Query 5:   `jacobson' or `jakobson'
Query 6:   `kobs' at the beginning of a word (thus articles of Kobsa but
                                      not of Jakobson are found).
            
Summary:
   
   mail lido@cs.uni-sb.de
   Subject: lidosearch [help][info]                        Sends this message
                       {[latex][nolatex]}                  Default: nolatex
                       {[substring][nosubstring]}          Default: substring
                       {[english][deutsch]}                Default: deutsch
Body of message:
         Query pattern(s) of first query
         Query pattern(s) of second query
             :
             :

Bugs: Very long words are truncated by the refer program which underlies the
      'nosubstring' mode of LIDO. Theoretically it could therefore happen that
      additional undesired articles are retrieved by the LIDO MAILSERVER in 
      this mode when long patterns are employed.

Good luck with your bibliographic search with LIDO!
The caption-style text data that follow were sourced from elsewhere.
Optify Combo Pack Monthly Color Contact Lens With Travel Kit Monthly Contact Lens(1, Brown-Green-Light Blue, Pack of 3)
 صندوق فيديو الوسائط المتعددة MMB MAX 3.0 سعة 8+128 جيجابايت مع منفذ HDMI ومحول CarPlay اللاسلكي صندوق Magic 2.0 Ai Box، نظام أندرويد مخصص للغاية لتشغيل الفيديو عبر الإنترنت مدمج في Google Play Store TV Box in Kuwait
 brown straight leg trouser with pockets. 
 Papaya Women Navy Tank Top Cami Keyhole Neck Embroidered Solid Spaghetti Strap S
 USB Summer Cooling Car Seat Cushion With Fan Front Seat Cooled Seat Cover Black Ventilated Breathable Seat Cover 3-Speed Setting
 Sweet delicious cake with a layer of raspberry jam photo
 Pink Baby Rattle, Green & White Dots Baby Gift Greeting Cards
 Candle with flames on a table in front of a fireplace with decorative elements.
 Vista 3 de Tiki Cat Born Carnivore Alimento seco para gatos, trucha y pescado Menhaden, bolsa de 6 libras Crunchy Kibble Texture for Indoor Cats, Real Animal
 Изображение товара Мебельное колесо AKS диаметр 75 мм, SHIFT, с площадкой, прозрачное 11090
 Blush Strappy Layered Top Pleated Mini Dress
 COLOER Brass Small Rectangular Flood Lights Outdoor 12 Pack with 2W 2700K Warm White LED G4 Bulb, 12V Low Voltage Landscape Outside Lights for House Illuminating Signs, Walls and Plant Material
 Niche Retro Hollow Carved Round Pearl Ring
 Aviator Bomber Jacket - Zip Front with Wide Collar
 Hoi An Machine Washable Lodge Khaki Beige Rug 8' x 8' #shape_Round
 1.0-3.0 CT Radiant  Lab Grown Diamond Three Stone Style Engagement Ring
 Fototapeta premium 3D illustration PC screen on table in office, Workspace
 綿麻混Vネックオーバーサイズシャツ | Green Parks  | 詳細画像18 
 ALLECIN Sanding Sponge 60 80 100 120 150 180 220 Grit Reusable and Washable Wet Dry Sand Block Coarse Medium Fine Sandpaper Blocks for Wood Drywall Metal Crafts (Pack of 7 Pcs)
-------------------------------------------------------------------------------


REGULAR EXPRESSIONS
    
     (egrep)   (explanation)

       _c      a single (non-meta) character matches itself.
        .      matches any single character except newline.
        ?      postfix operator; preceeding item is optional.
        *      postfix operator; preceeding item 0 or more times.
        +      postfix operator; preceeding item 1 or more times.
        |      infix operator; matches either argument.
       \<      matches the empty string at the beginning of a word.
       \>      matches the empty string at the end of a word.
  [_c_h_a_r_s] match any character in the given class; if the first character 
               after [ is ^, match any character not in the given class; 
               a range of characters may be specified by _f_i_r_s_t-_l_a_s_t; 
               for example, \W (below) is equivalent to the class [^A-Za-z0-9]
      ( )      parentheses are used to override operator precedence.
  \_d_i_g_i_t  \_n matches a repeat of the text matched earlier in the regexp
               by the subexpression inside the nth opening parenthesis.
       \       any special character may be preceded by abackslash to match it
               literally.

(the following are for compatibility with GNU Emacs)
      \b       matches the empty string at the edge of a word.
      \B       matches the empty string if not at the edge of a word.
      \w       matches word-constituent characters (letters & digits).
      \W       matches characters that are not word-constituent.

     Operator precedence is (highest to lowest) ?, *, and +, con-
     catenation, and finally |.  All other constructs are syntac-
     tically identical  to  normal  characters.   For  the  truly
     interested,  the  file  dfa.c describes (and implements) the
     exact grammar understood by the parser.